A funny thing I observed when executing this query:
SELECT *
FROM SH.SALES
WHERE amount_sold > 1000
HAVING amount_sold < 2000;
It gives an error when executing in Oracle SQL developer desktop whereas runs successfully in Oracle SQL developer web.
This is a great question AND puzzle!
Oracle SQL Developer Web is provided via Oracle REST Data Services (ORDS). There is a RESTful Web Service used to execute 'ad hoc' SQL statements and scripts.
Instead of bringing back all the rows from a query in a single call, we page them. And instead of holding a resultset open and process running, we stick to the RESTful way, and do all the work on a single call and response.
How do we make this happen?
Well, when you type in that query from your question and execute it, on the back end, that's not actually what gets executed.
We wrap that query with another SELECT, and use the ROW_NUMBER() OVER analytic function call.
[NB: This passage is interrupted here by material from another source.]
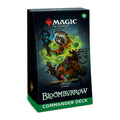 Product image Bloomburrow - Animated Army Commander Deck - Magic The Gathering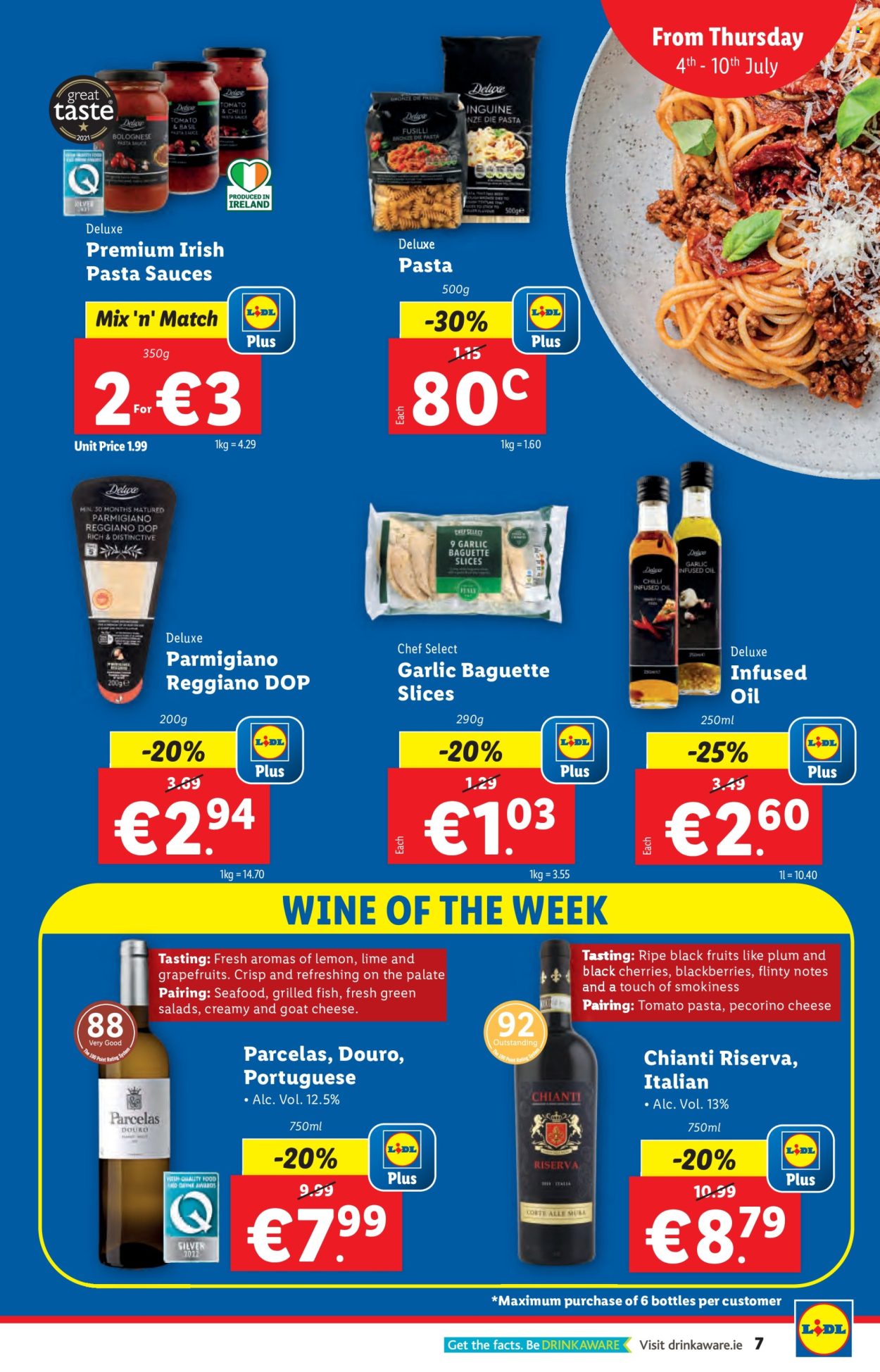Lidl offer - 04.07.2024 - 10.07.2024. Page 7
This allows us to 'window' the query results, in this case between rows 1 and 26, or the the first 25 rows of that query, your query.
SELECT *
FROM (
SELECT Q_.*,
ROW_NUMBER() OVER(
ORDER BY 1
) RN___
FROM (
select *
from sh.sales
where amount_sold > 1000
having amount_sold < 2000
) Q_
)
WHERE RN___ BETWEEN :1 AND :2
Ok, but so what?
Well, Optimizer figures out this query can still run, even if the having clause isn't appropriate.
The optimizer is always free to re-arrange a query before searching for best execution plans.
In this case, a 10053 trace shows that a query such as below that came from SQL Dev Web (I'm using EMP but the same applies for any table)
SELECT *
FROM (
SELECT Q_.*,
ROW_NUMBER() OVER(
ORDER BY 1
) RN___
FROM (
SELECT *
FROM emp
WHERE sal > 1000
HAVING sal < 2000
) Q_
)
WHERE RN___ BETWEEN :1 AND :2
got internally transformed to the following before being optimized for plans.
SELECT
subq.EMPNO EMPNO,
subq.ENAME ENAME,
subq.JOB JOB,
subq.MGR MGR,
subq.HIREDATE HIREDATE,
subq.SAL SAL,subq.COMM COMM,
subq.DEPTNO DEPTNO,
subq.RN___ RN___
FROM
(SELECT
EMP.EMPNO EMPNO,
EMP.ENAME ENAME,
EMP.JOB JOB,EMP.MGR MGR,
EMP.HIREDATE HIREDATE,
EMP.SAL SAL,
EMP.COMM COMM,
EMP.DEPTNO DEPTNO,
ROW_NUMBER() OVER ( ORDER BY NULL ) RN___
FROM EMP EMP
WHERE EMP.SAL>1000 AND TO_NUMBER(:B1)>=TO_NUMBER(:B2)
) subq
WHERE subq.RN___>=TO_NUMBER(:B3)
AND subq.RN___<=TO_NUMBER(:B4)
Notice the HAVING has been transformed/optimized out of the query, which lets it pass through onto the execution phase.
Major 👏 to @connor-mcdonald of AskTom fame for helping me parse this out.
And so that's why it works in SQL Developer Web, but NOT in SQL Developer Desktop, where the query is executed exactly as written.